FARMERS have their fingers crossed that rain producing La Nina conditions are set to develop in 2021.
The Bureau of Meteorology says although the El Nino-Southern Oscillation (ENSO) is currently neutral, strengthening model outlooks and recent cooling in the tropical Pacific Ocean has raised the chance of La Nina forming next year.
La Nina events increase the chances of above-average rainfall for northern and eastern Australia during spring and summer.
Encouragingly, BOM says there is now around a 50 per cent chance of the farmer friendly conditions forming - about double the normal likelihood.
"Most oceanic and atmospheric indicators of ENSO remain within the ENSO-neutral range," BOM says.
"However, sea surface temperatures in the central tropical Pacific Ocean have cooled over the past two months, supported by cooler than average waters beneath the surface.
"Climate models continue this cooling trend over the coming months, with three of the seven models surveyed by the bureau meeting La Nina criteria, while two additional models briefly touch La Nina thresholds."
According to BOM the negative Indian Ocean Dipole (IOD) has also weakened, with IOD values at marginal negative levels. However, the pattern of sea surface temperatures in the Indian Ocean remains likely to influence Australian rainfall over the coming months.
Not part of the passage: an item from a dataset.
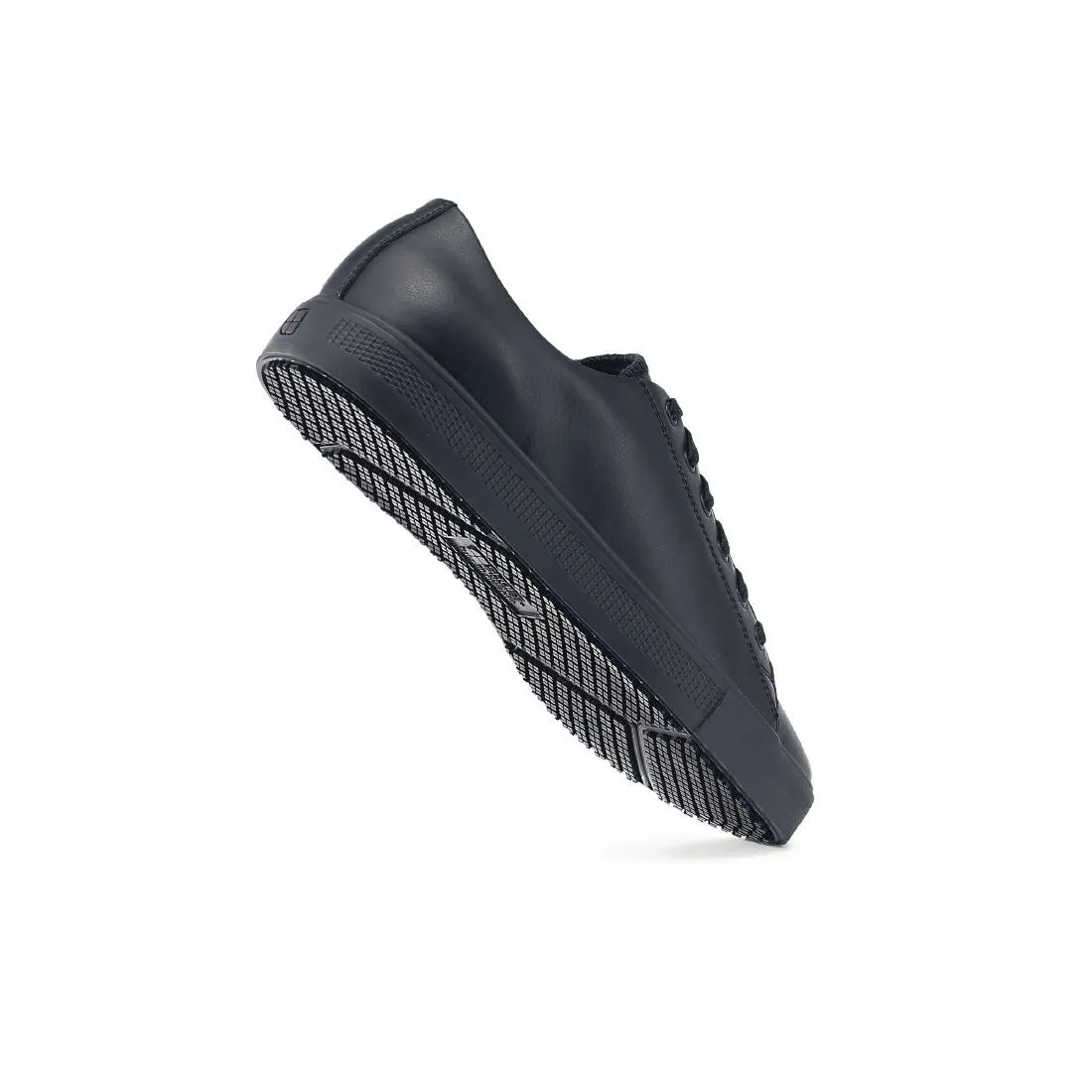 Shoes for Crews Old School Trainers Black 46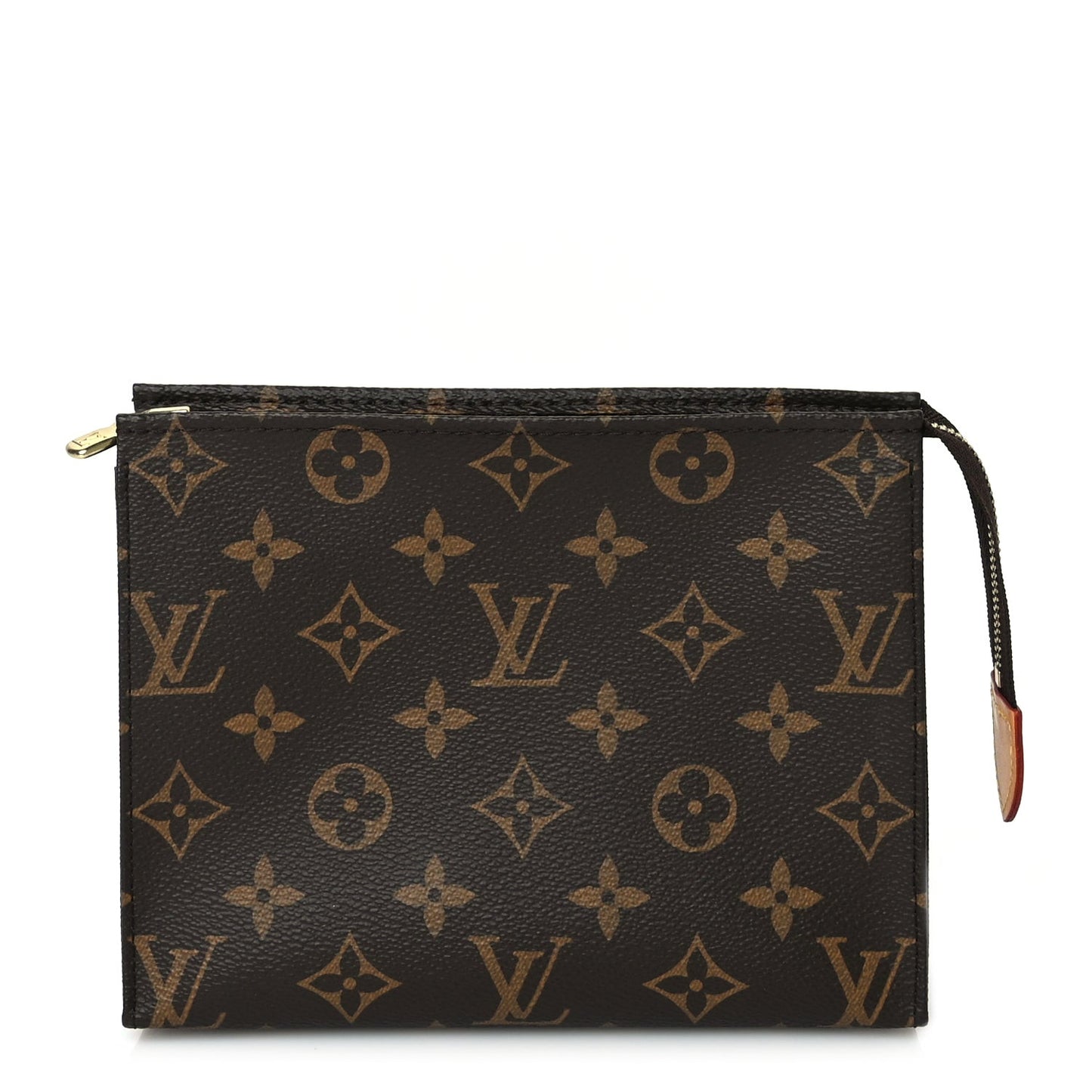 Monogram Toiletry Pouch 19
Models suggest this weak negative IOD pattern could persist at borderline levels through October before easing further.
A negative IOD increases the chances of above-average spring rainfall for much of southern and eastern Australia.
BOM says the Madden-Julian Oscillation (MJO) has also recently stalled over the eastern Indian Ocean. The MJO's influence on the wind patterns across the Maritime Continent region, north of Australia, may have contributed to weakening of the IOD.
"Most models indicate the MJO is likely to move across Australian longitudes in the coming fortnight, but there is divergence in the forecast strength of the MJO," BOM says.
"If the MJO remains moderately strong over Australia longitudes, it would likely lead to increased rainfall over the tropics to Australia's north, and strengthen the trade flow across the central Pacific region."
The Southern Annular Mode (SAM) index has been positive over the past three weeks, and is forecast to remain positive for several weeks to come.
"This is supported by a strengthened polar vortex over Antarctica," BOM says.
"A positive SAM during spring typically brings wetter weather to eastern parts of Australia, but may be drier for western Tasmania."
Climate change continues as a influence.
BOM says Australia's climate has warmed by 1.44 degrees Celcius plus or minus 0.24 deg C during 1910-2019, while southern Australia has seen a reduction of 10-20pc in cool season (April-October) rainfall in recent decades.
In Northern Australia, wet season rainfall (October-April) has increased since the late 1990s with more high intensity, short duration events, the bureau says.